To drive a motor vehicle in circumstances where the person is disqualified because it is convenient to do so and because it would be inconvenient not to drive probably does suggest an attitude of defiance.  It rather suggests that it does not suit the driver to obey the order of the court.  If the offender’s attitude exhibits defiance that would suggest contumacy.

However, even if it is contumacious behaviour it will not necessarily give rise to an immediate sentence of imprisonment.  There will still need to be an inquiry into whether good reason exists for suspending the sentence (s38 Criminal Law (Sentencing) Act).

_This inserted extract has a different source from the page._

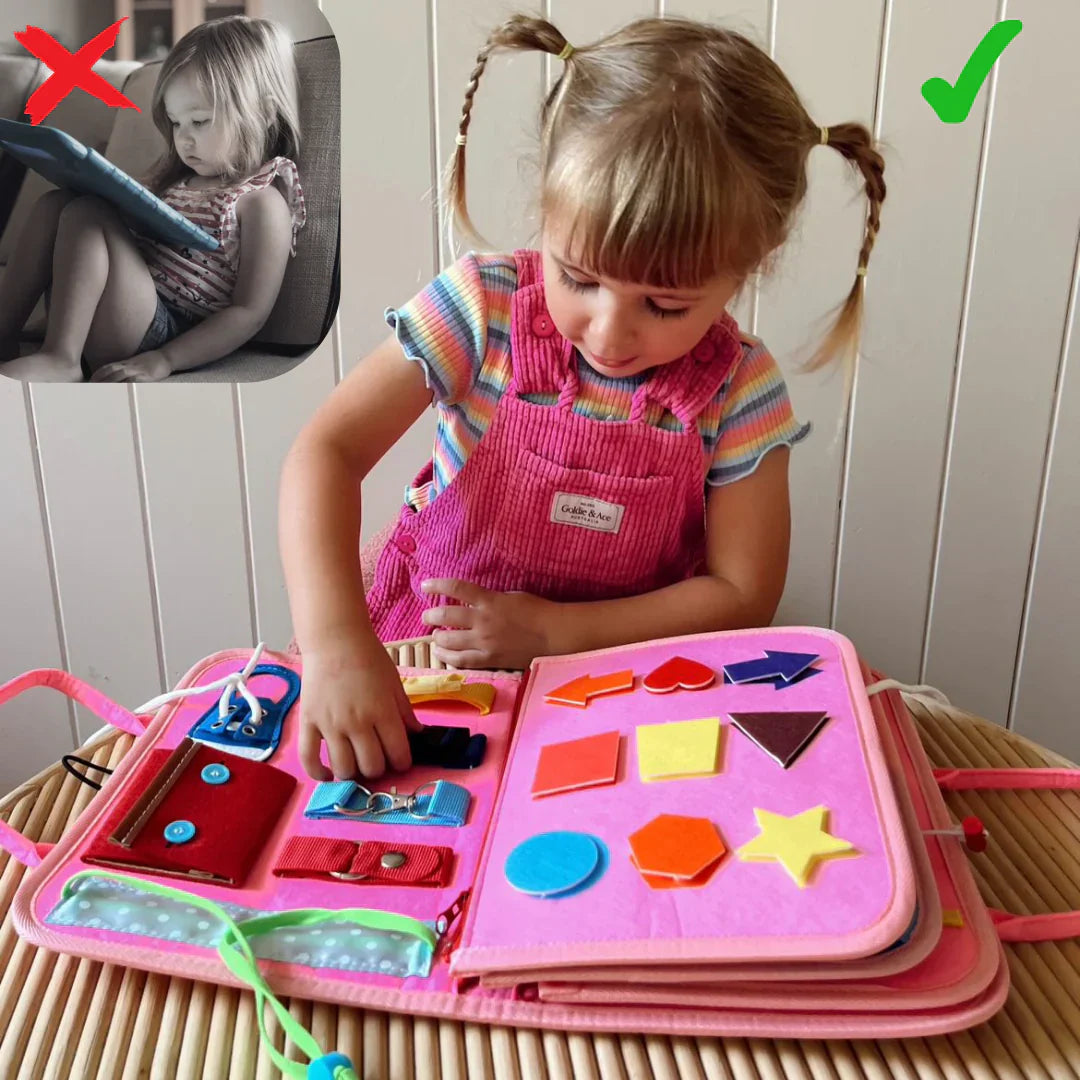 Playbino Busy Book Roze/Blauw - Vilt Montessori activiteitenboek - Leer spelenderwijs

In this case the appellant had put in place a regime whereby he was driven in the course of his employment.  He deliberately avoided driving to Port Pirie and made arrangements for a friend to drive him and his two children.  He was not to know that his friend would over-indulge and make himself unavailable to drive the appellant and his two children home.  Of course, the appellant could not have allowed his friend to drive if, in fact, his friend was incapable of driving.  More particularly, he could not have allowed his children to travel as passengers in a vehicle being driven by someone who was affected by alcohol.

The appellant’s behaviour does not suggest defiance on his part.  Indeed, his behaviour up until the point of time when he drove the motor vehicle, suggests appropriate obedience to the administrative authority which suspended him from driving a motor vehicle.

I am not prepared to categorise his behaviour, in the circumstances, as contumacious.  His behaviour, in my opinion, does not indicate an attitude of total disregard of and disobedience to the authority which ordered his disqualification.

In those circumstances the learned Magistrate was not obliged to impose a sentence of imprisonment.  Indeed, an immediate sentence of imprisonment, in my opinion, was an inappropriate penalty for this offender.  In my opinion, a sentence of imprisonment was inappropriate because the offending was not contumacious.  Because of the appellant’s financial circumstances because a fine would unduly prejudice the welfare of his dependents and therefore a fine would be inappropriate.  (s13 of Criminal Law (Sentencing) Act).

In my opinion, the appropriate penalty for this offender was an order that he perform community service.     I believe that a sentence of community service is an appropriate alternative in circumstances where the appellant’s dependents would suffer by reason of the imposition of a fine:  Wood v McDonald (1988) 46 SASR 570.

I therefore allow the appeal and set aside the order for the appellant’s imprisonment and upon his conviction substitute an order that he perform 60 hours of community service within a period of twelve months.